MATERIALS AND METHODS
Selection of Supply Chain for the Case Study
The National Institute of Post-Harvest
Management which functions under the Ministry of
Agriculture had conducted a development project
on the Improvement of supply and value chain
management practices of Mango in Sri Lanka,
during 2016-2018. Under this project, the mango
collector groups scattered throughout the country
were identified and developed by introducing
improved postharvest technologies. Omaragolla
mango processing zone in Kurunegala District
was the first collector group addressed by this
project. According to the field observations, the
community in this mango processing zone is
well-organized with their income generation,
which is mainly based on island-wide mango
collection, primary processing (mainly ripening,
sorting, grading and packaging) and marketing.
Further, according to Kularathne et al. (2018),
the Omaragolla mango processing zone handles
a large amount of mango which approximates to
around 0.096 million mango fruits per collector
per month that is supplied to the local market in
Sri Lanka. The Mango Processers’ Association
consists of 32 members with many non-member
collectors in the community. Thus, the association
alone supplies more than 3.072 million mango
fruits to the market in one month. Therefore, this
mango processing zone was selected for the case
study. From the 32 members of the collectors’

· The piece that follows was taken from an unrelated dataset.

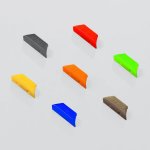 Stedi Quad Pro Colored Cap Kit For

association, two mango collectors were selected
based on six criteria; willingness to participate,
highest links with growers in the collector
group (linked with more than 200 growers),
highest mango handling rate in the collector
group, regular collection within the season, and
practicing mango collection for a long time.
The supply chain taken for the study was
selected based on the two selected collectors
of the Omaragolla mango processing zone.
Growers in contact with these collectors were
identified in Anuradhapura and Kurunegala
Districts. Therefore, the growers were selected
from these two districts for the study based on
convenience, willingness to participate, and
applicability of mobile tracking at the operative
stage of the supply chain. The main wholesalers
of these two collectors were in the Colombo
district. Therefore, wholesalers were selected
from Colombo. Retailers were thus identified by
forward tracing through the supply chain, who
were in the Gampaha district.
Implementation of a Mobile Tracking System
Different types of location and route tracking
technologies are available at present (mobile
tracking, use of GPS loggers, vehicle tracking)
(Tian, 2016; Kandel et al., 2011; Al Rashed et al.,
2013). The mobile tracking method was applied
for this pilot study due to its cost-effectiveness
and it can be implemented by using already
available smartphones with supply chain actors.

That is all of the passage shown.